OPINION
delivered the opinion of the court,
The issue in this case is whether property held in a tenancy by the entirety is subject to the 120-hour survival rule contained in section 31-3-120 of the Tennessee Uniform Simultaneous Death Act. Three days after her husband’s death, Mrs. Ellis died of unrelated natural causes, and her will was admitted to probate. The husband’s heirs sought to intervene in the probate proceeding, claiming that because Mrs. Ellis did not survive her husband for 120 hours, section 31-3-120 deems both to have died “simultaneously.” Consequently, they arguеd, Tennessee Code Annotated section 31-3-104 authorized them to seek a one-half interest in the entireties property. The trial court denied the motion to intervene, and the Court of Appeals affirmed.
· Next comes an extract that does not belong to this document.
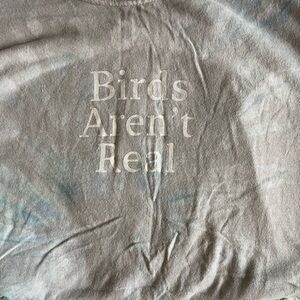 Birds Aren’t Real Tie Dye Blue Cotton T-Shirt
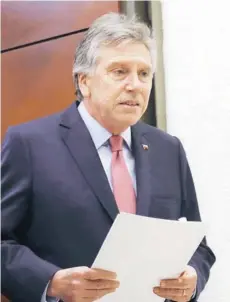  ??  ?? El ministro de Defensa, Alberto Espina.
On appeal to this Court, we hold that section 31-3-120 does not require one spouse to survive the other by 120 hours in order to obtain fee simple title to property formerly held by the entirety. We also hold that the General Assembly, in enacting section 31-3-120, did not intend to define the tеrm “simultaneously” in section 31-3-104 as meaning “within 120 hours.” Instead, we conclude that the legislature intended that this term should continue to receive its ordinary construction, meaning “at the same time.” The judgment of the Court of Appeals is affirmed.
FACTUAL BACKGROUND
Neil Ellis and Virgie Mae Ellis were married in 1944, and shortly thereafter, each executed reciprocal wills. The wills did not identify either a contingent or a residual beneficiary, nor did they provide for the disposition of the couple’s property in the event of their simultaneous or near-simultaneous death. Instead, the material provision of each will simply bequeathed all of their property to the other: “I will, devise and bequeath all of my property, real, personal and mixed, and wherever situated to [my spouse], absolutely.” The couple had no children.
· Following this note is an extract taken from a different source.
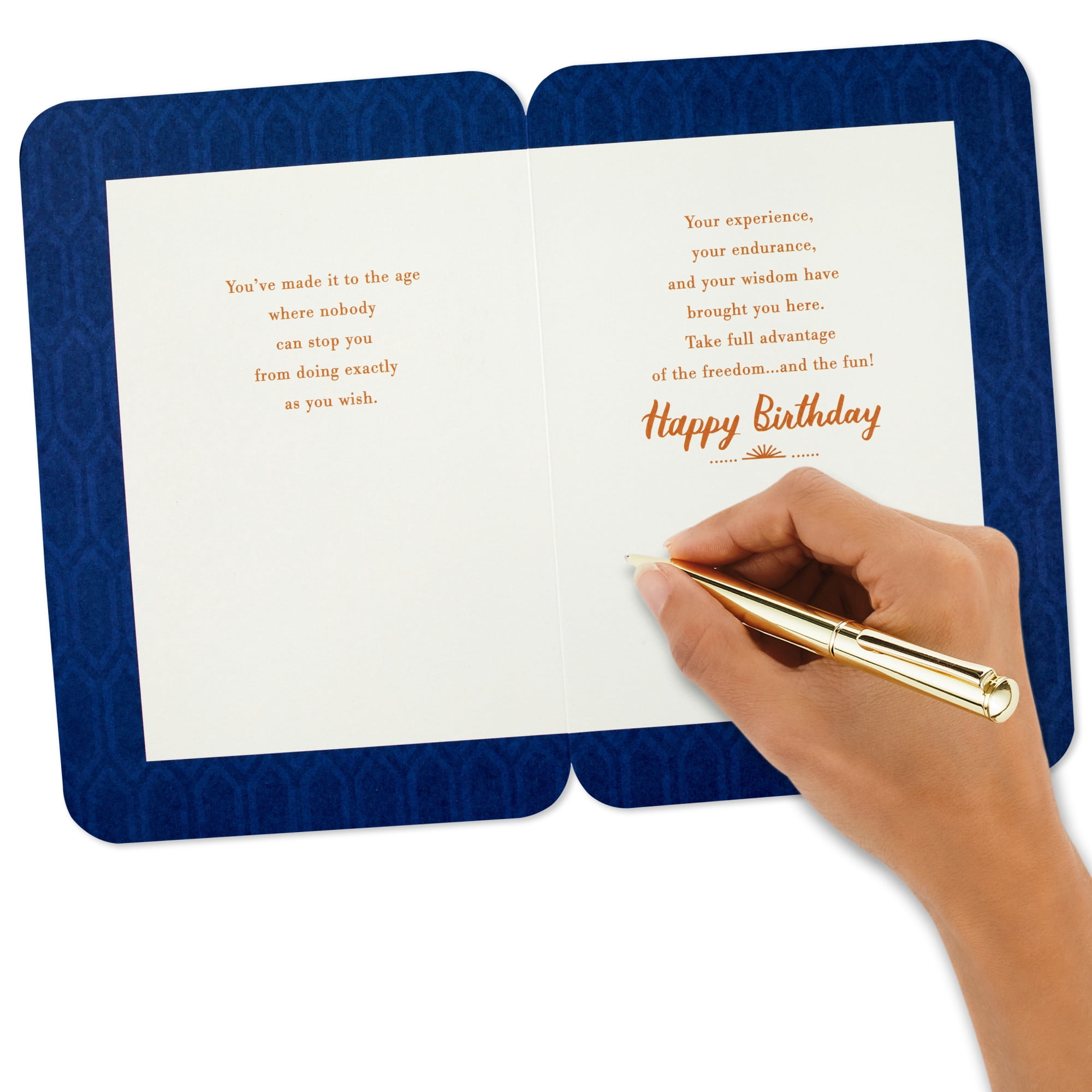 Hallmark 60th Birthday Card (Whatever You Want It To Be)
On February 11, 1999, Mr. Ellis died of natural causes. Three days later, his wife also passed away of natural causes, and her will was admitted into probate the following month. On August 3, 1999, the appellants in this case, the heirs of Mr. Ellis, filed a motion to intervene in the probate proceedings, claiming that section 31-3-104 of the Tennessee Uniform Simultaneous Death Act (“TUSDA”) entitled them to a one-half share of the Ellises’ property held as tenants by the entirety. 1 In support of their motion to intervene, the appellants argued that because Mrs. Ellis failed to survive her husband by 120 hours — the default survival period required by Tennessee Code Annotated section 31-3-120 2 for a beneficiary to receive *709 a devise under a will — then, in the absence of any provision in the will to the contrary, the TUSDA deems both to have died simultaneously for property distribution purposes under section 31-3-104.
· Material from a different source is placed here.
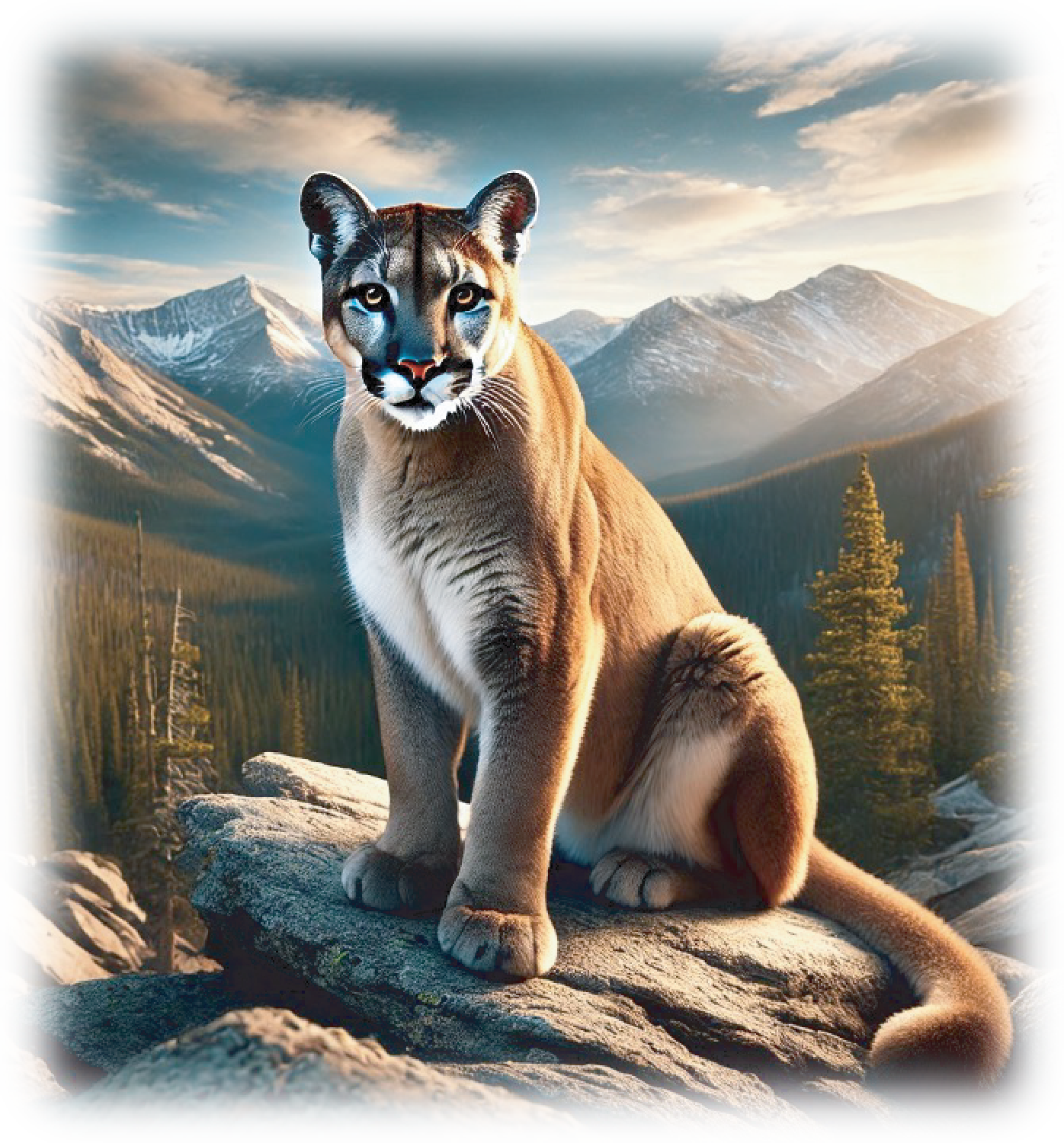 “Mountain Lion Warrior – Golden Overlook” – ASScoozie Design on FrostBuddy Universal Buddy | A Sweet Sip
The estate of Mrs. Ellis objected to the intervention, arguing that because entire-ties property does not pass to the surviving spouse through a devise, section 31-3-120 does not require a spouse to survive by 120 hours to obtain fee simple title to property formerly held by the entirety. The estate also argued that the appellants were not entitled to claim a one-half share of the entireties property under section 31-3-104 because the couple did not die “simultaneously,” or “at the same time,” as required by the plain language of that section.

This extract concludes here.